Available data —
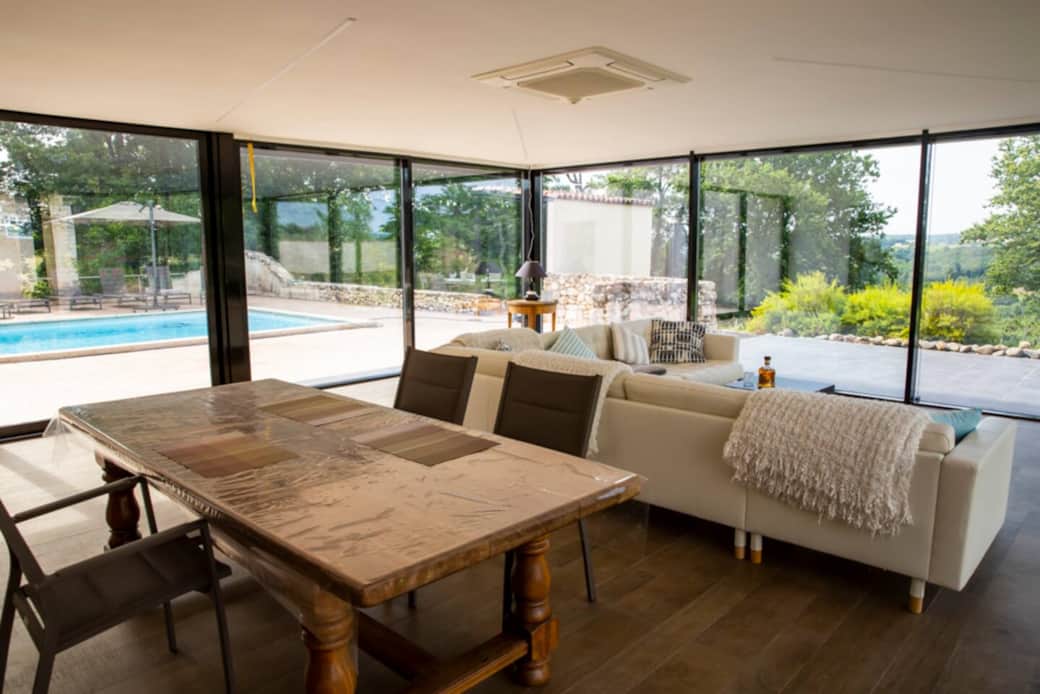 Veranda leefruimte met zicht op de tuin en de vallei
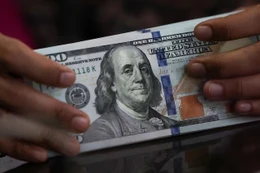 Đồng USD suy giảm trước thềm cuộc họp của Fed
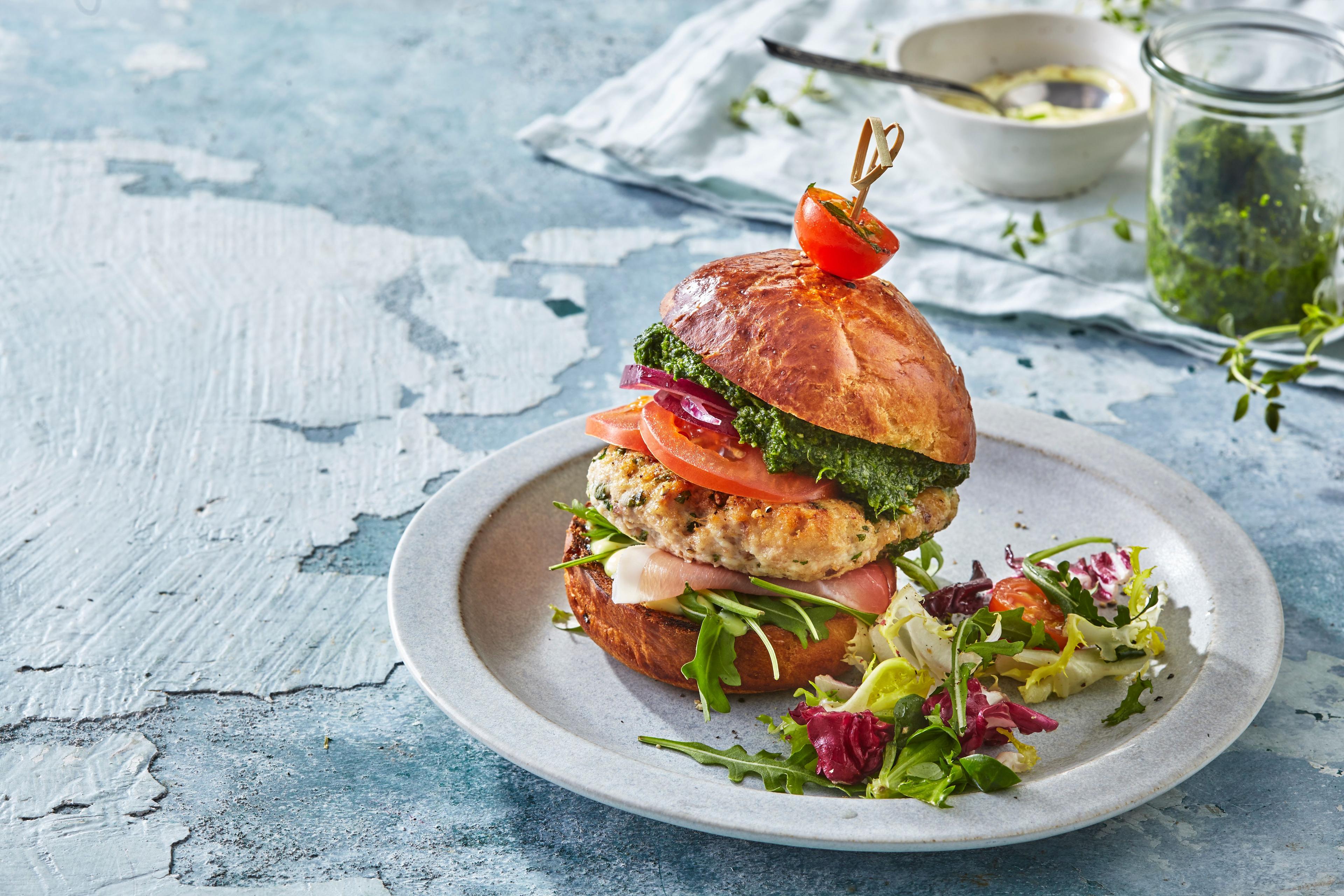 Kurací hamburger s rukolou a pestom z medvedieho cesnaku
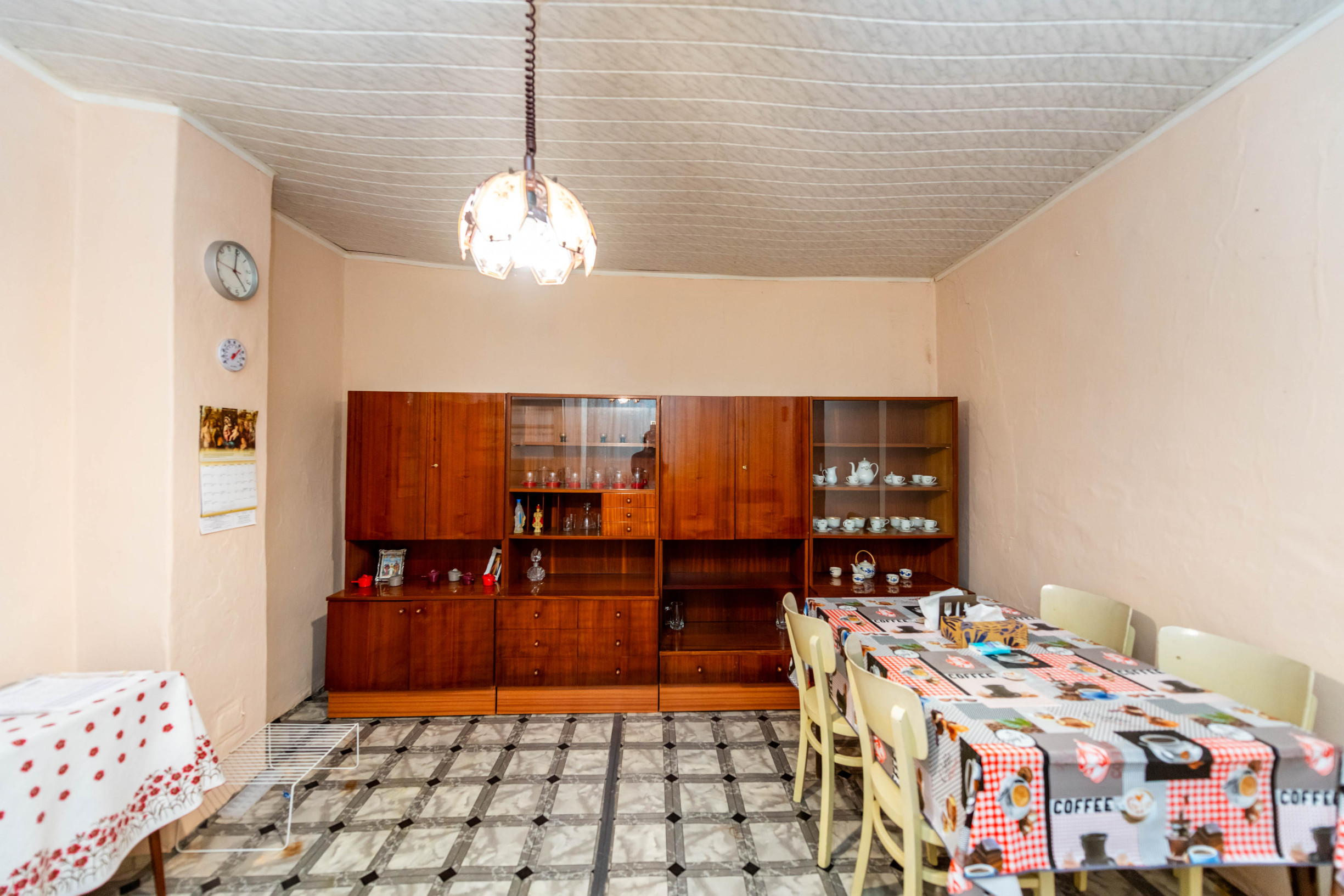 Exkluzívne na predaj zachovalá chalúpka v srdci Tokaja - ideálne víkendové sídlo.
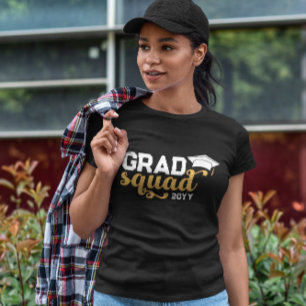 Lägg till år för vit radbrytningsruta för gult t shirt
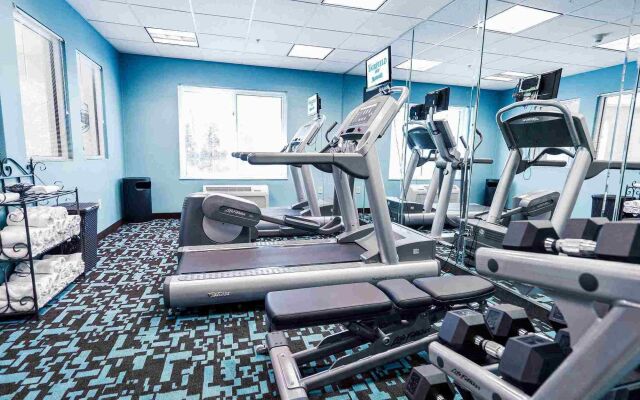 Fairfield Inn by Marriott Medford Long Island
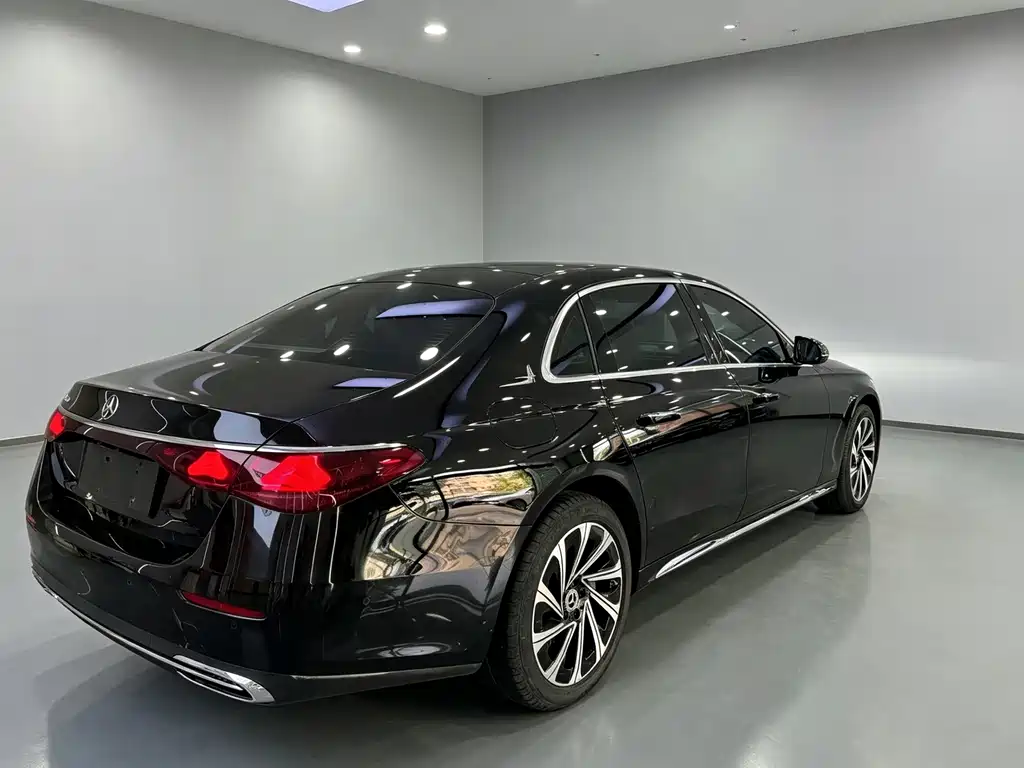 Mercedes-Benz E-Class — миниатюра 9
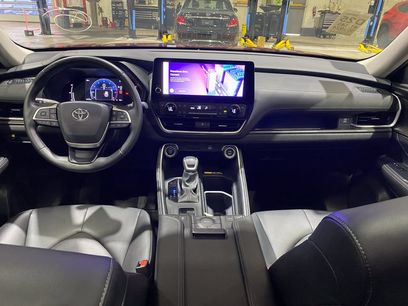 Used 2024 Toyota Grand Highlander AWD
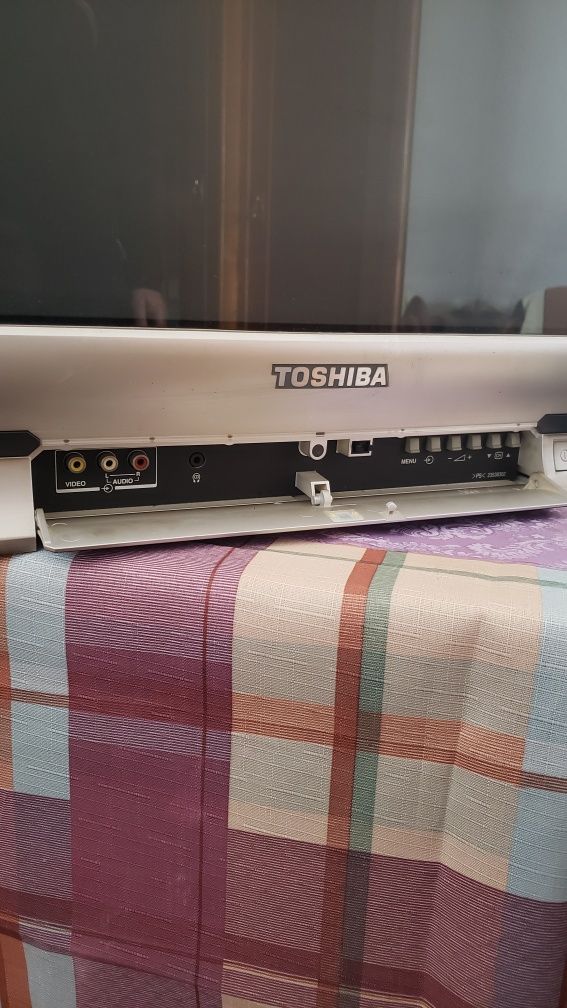 Телевізор Toshiba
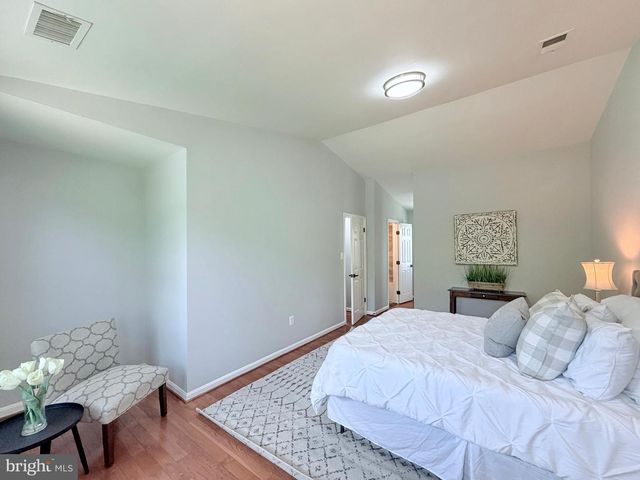 13 ALEXANDRIA OVERLOOK DR, Oxon Hill, MD 20745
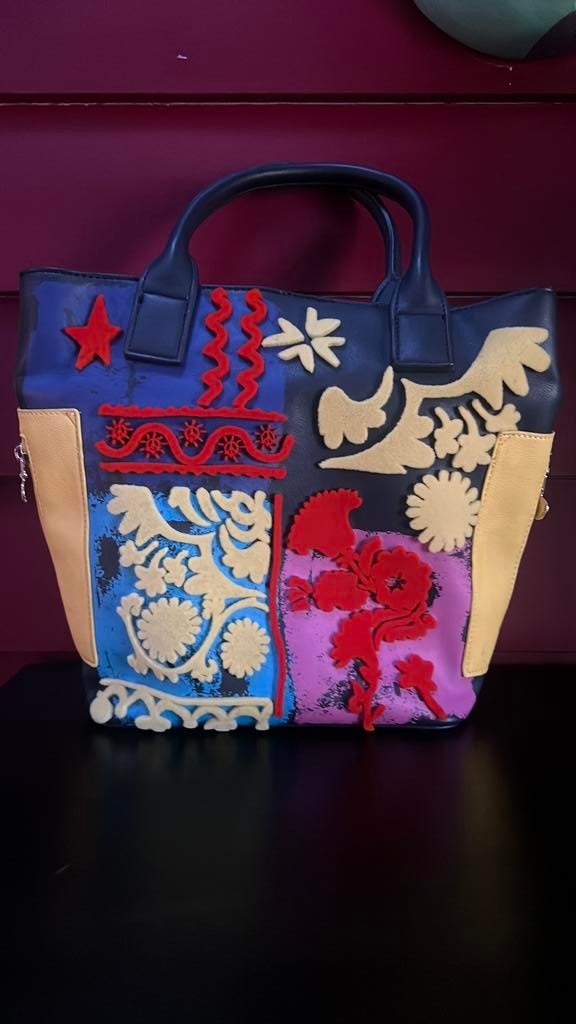 Desiqual tas, Sieraden, Tassen en Uiterlijk, Overige kleuren, Verzenden, Minder dan 40 cm, Nieuw
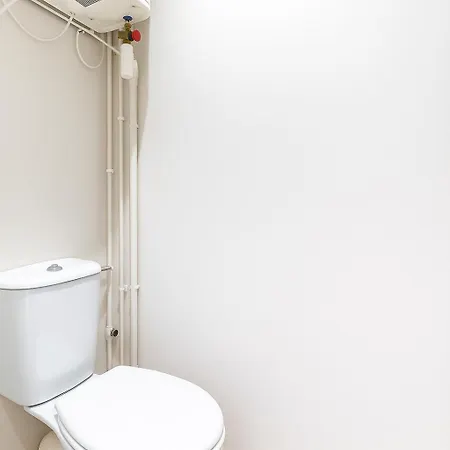 Practical Flat, X Apartment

Assignment — Once you find the line with "13 ALEXANDRIA OVERLOOK", restate it and every later line of the data word for word, excluding the pictures.

Solved problem —
 13 ALEXANDRIA OVERLOOK DR, Oxon Hill, MD 20745
 Desiqual tas, Sieraden, Tassen en Uiterlijk, Overige kleuren, Verzenden, Minder dan 40 cm, Nieuw
 Practical Flat, X Apartment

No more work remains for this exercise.